KNN for Text Classification using TF-IDF scores


I have a CSV file (corpus.csv) with graded abstracts (text) in the following format in corpus:

Institute,    Score,    Abstract


----------------------------------------------------------------------


UoM,    3.0,    Hello, this is abstract one

UoM,    3.2,    Hello, this is abstract two and yet counting.

UoE,    3.1,    Hello, yet another abstract but this is a unique one.

UoE,    2.2,    Hello, please no more abstract.

I am trying to create a KNN classification program in python, which is able to get an user input abstract such as, "This is a new unique abstract" and then classify this user input abstract closest to the corpus (CSV) and also returns the score/grade of the predicted abstract. How can I achieve that?

I have the following code:

from sklearn.feature_extraction.text import TfidfVectorizer
from nltk.corpus import stopwords
import numpy as np
import pandas as pd
from csv import reader,writer
import operator as op
import string

#Read data from corpus
r = reader(open('corpus.csv','r'))
abstract_list = []
score_list = []
institute_list = []
row_count = 0
for row in list(r)[1:]:
    institute,score,abstract = row
    if len(abstract.split()) > 0:
      institute_list.append(institute)
      score = float(score)
      score_list.append(score)
      abstract = abstract.translate(string.punctuation).lower()
      abstract_list.append(abstract)
      row_count = row_count + 1

print("Total processed data: ", row_count)

#Vectorize (TF-IDF, ngrams 1-4, no stop words) using sklearn -->
vectorizer = TfidfVectorizer(analyzer='word', ngram_range=(1,4),
                     min_df = 0, stop_words = 'english', sublinear_tf=True)
response = vectorizer.fit_transform(abstract_list)
feature_names = vectorizer.get_feature_names()

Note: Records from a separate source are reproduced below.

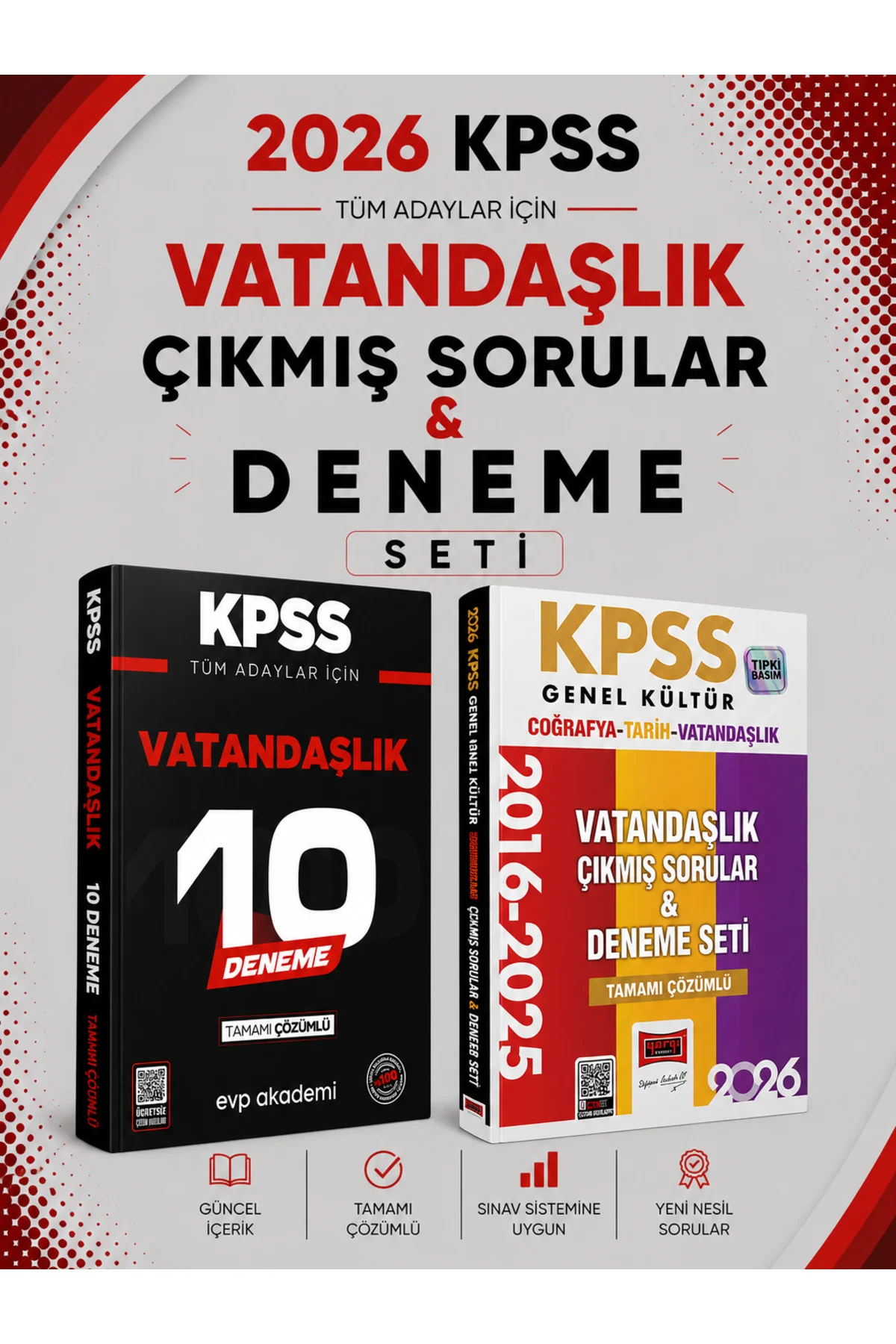 Yargı 2026 KPSS Tarih-Coğrafya-Vatandaşlık Çıkmış Sorular & KPSS Vatandaşlık 10 Deneme S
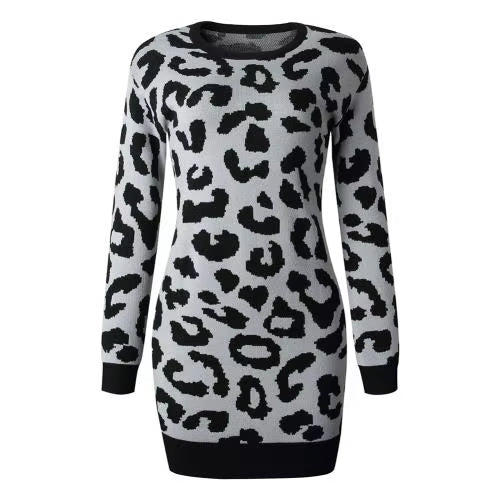 Women Winter Top Long Sleeve Mini Bodycon Sweater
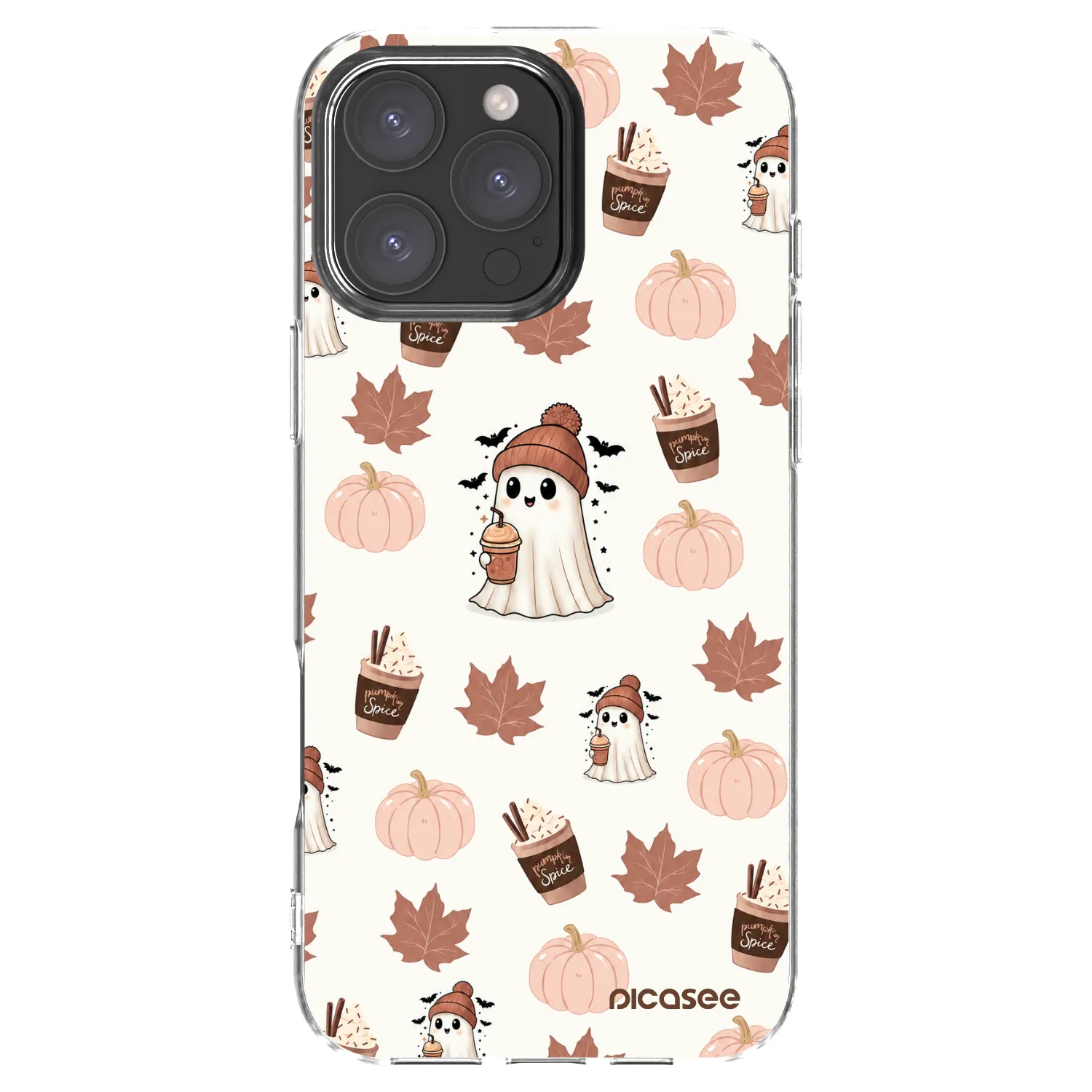 Picasee διαφανής θήκη σιλικόνης Apple iPhone 16 Pro Max - Pumpkin spice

In the aforementioned code, how can I use the features from TF-IDF computation for KNN classification as mentioned above? (Probably using sklearn.neighborsKNeighborsClassifier framework)

P.S. The classes for this applicative case are the respective scores/grades of the abstracts.

I have background in visual Deep Learning, however, I lack much knowledge in text classification, especially using KNN. Any help would be much appreciated. Thank you in advance.


Solution

  • KNN is a classification algorithm - meaning you have to have a class attribute. KNN can use the output of TFIDF as the input matrix - TrainX, but you still need TrainY - the class for each row in your data. However, you could use a KNN regressor. Use your scores as the class variable:

    from sklearn.feature_extraction.text import TfidfVectorizer
    from nltk.corpus import stopwords
    import numpy as np
    import pandas as pd
    from csv import reader,writer
    import operator as op
    import string
    from sklearn import neighbors
    
    #Read data from corpus
    r = reader(open('corpus.csv','r'))
    abstract_list = []
    score_list = []
    institute_list = []
    row_count = 0
    for row in list(r)[1:]:
        institute,score,abstract = row[0], row[1], row[2]
        if len(abstract.split()) > 0:
          institute_list.append(institute)
          score = float(score)
          score_list.append(score)
          abstract = abstract.translate(string.punctuation).lower()
          abstract_list.append(abstract)
          row_count = row_count + 1
    
    print("Total processed data: ", row_count)
    
    #Vectorize (TF-IDF, ngrams 1-4, no stop words) using sklearn -->
    vectorizer = TfidfVectorizer(analyzer='word', ngram_range=(1,4),
                         min_df = 0, stop_words = 'english', sublinear_tf=True)
    response = vectorizer.fit_transform(abstract_list)
    classes = score_list
    feature_names = vectorizer.get_feature_names()
    
    clf = neighbors.KNeighborsRegressor(n_neighbors=1)
    clf.fit(response, classes)
    clf.predict(response)
    

    The "predict" will predict the score for each instance.